Esse processo de aproximação, com seus altos e baixos, teve um momento muito importante com a visita de Fidel ao Vaticano, em 19 de novembro de 1996, durante a qual foram examinados assuntos concernentes à normalização das relações, e a já mencionada viagem de João Paulo II a Cuba (em janeiro de 1998), que foi organizada em conjunto pela Igreja e pelo Estado. Sua presença determinou a periodização “antes e depois da Visita do Papa”, que nos deixou um legado que por muito tempo atuará positivamente no processo de normalização das relações entre Estado e Igreja Católica, incluindo as demais religiões. À luz desse acontecimento, as Igrejas Protestantes animaram-se a realizar um conjunto de importantes concentrações locais (maio de 1999). Religiões e Revolução tomaram um rumo de reencontro positivo; os conceitos básicos da Teologia da Libertação foram e são essenciais nesta nova convergência.

Cuba foi sonhada no seio do Seminário São Carlos por sacerdotes como José Agustín Caballero e Félix Varela, que forjaram um conjunto de discípulos com a tarefa de convertê-la em uma realidade nos finais do século XIX, em luta unida com negros africanos escravizados. A Virgen de La Caridad, que apareceu nas águas da Baía de Nipe em 1612, foi o primeiro símbolo cubano, antes mesmo que tivéssemos consciência de identidade própria: escudo e bandeira.
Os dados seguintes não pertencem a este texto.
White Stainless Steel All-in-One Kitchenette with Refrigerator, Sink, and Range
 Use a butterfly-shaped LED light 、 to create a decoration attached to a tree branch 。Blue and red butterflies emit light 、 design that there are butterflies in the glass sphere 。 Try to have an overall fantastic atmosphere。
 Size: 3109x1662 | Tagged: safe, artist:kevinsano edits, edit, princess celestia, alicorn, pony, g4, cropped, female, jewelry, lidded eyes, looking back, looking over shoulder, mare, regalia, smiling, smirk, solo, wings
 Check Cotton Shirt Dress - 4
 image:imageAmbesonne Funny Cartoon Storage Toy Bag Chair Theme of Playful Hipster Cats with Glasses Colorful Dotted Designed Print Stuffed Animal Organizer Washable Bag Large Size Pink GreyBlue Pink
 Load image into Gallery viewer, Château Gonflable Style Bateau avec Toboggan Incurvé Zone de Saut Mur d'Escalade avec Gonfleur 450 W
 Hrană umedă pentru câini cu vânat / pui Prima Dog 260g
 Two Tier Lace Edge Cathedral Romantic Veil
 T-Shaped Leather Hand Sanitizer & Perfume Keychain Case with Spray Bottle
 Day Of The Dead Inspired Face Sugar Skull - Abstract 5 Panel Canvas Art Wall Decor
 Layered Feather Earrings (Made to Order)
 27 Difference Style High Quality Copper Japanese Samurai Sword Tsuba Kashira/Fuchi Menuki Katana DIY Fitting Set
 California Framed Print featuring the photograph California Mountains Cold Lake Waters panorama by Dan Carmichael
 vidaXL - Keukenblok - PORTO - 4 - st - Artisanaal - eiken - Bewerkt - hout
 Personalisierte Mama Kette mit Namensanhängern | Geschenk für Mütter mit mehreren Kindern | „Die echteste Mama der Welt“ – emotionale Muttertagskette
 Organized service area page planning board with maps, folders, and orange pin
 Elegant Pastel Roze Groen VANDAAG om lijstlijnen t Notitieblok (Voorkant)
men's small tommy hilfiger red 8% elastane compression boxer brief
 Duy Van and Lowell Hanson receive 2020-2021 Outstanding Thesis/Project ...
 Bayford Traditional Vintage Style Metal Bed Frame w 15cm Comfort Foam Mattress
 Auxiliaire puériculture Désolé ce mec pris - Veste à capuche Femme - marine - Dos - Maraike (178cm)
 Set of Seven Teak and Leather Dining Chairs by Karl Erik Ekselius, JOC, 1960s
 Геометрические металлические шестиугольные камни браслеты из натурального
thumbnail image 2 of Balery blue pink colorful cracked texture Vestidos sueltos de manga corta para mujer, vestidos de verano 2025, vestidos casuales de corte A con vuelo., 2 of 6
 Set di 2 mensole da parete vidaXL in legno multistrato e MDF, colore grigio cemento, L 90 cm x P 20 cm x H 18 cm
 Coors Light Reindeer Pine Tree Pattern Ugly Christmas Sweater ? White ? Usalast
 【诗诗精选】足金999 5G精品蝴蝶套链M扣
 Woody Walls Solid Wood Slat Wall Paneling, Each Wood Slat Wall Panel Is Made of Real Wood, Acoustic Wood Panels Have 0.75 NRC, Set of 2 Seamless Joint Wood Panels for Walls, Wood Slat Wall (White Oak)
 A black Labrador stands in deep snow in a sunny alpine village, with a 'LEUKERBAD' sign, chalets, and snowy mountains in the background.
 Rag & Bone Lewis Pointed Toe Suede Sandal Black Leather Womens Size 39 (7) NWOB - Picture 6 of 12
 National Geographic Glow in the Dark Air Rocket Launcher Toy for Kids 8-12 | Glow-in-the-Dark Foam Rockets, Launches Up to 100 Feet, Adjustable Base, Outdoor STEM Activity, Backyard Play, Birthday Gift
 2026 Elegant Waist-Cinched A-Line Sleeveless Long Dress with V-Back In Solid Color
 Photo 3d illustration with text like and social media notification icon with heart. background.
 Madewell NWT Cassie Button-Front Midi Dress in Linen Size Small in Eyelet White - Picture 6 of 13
Não há cubano crente ou não crente que não respeite a Virgen de La Caridad – Oxum para o Panteão dos cultos africanos.

Para concluir, posso dizer que, a meu ver, onde deveria ter havido uma sequência de encontros ininterruptos a partir de uma opção preferencial pelos pobres, interpuseram-se interesses de classes e o dogmatismo. Por outro lado, como resposta ao isolamento e às agressões a que foi exposto a partir de seus primeiros momentos o processo revolucionário cubano, produziu-se uma radicalização tornada sovietização. Com tudo de positivo que se conseguiu, tanto no material quanto na sobrevivência política, as sequelas de ateização extrema criaram uma brecha entre revolução e religião, com desconfianças e enfrentamentos que somente com o tempo e com a chegada dos acontecimentos históricos é que pouco a pouco puderam ser superados – embora ainda permaneçam muitos problemas pendentes. Rios e Lagos se juntarão caso consigam manter uma aliança evangélica e revolucionária por um futuro de paz, justiça social, equidade distributiva e conservação do Planeta.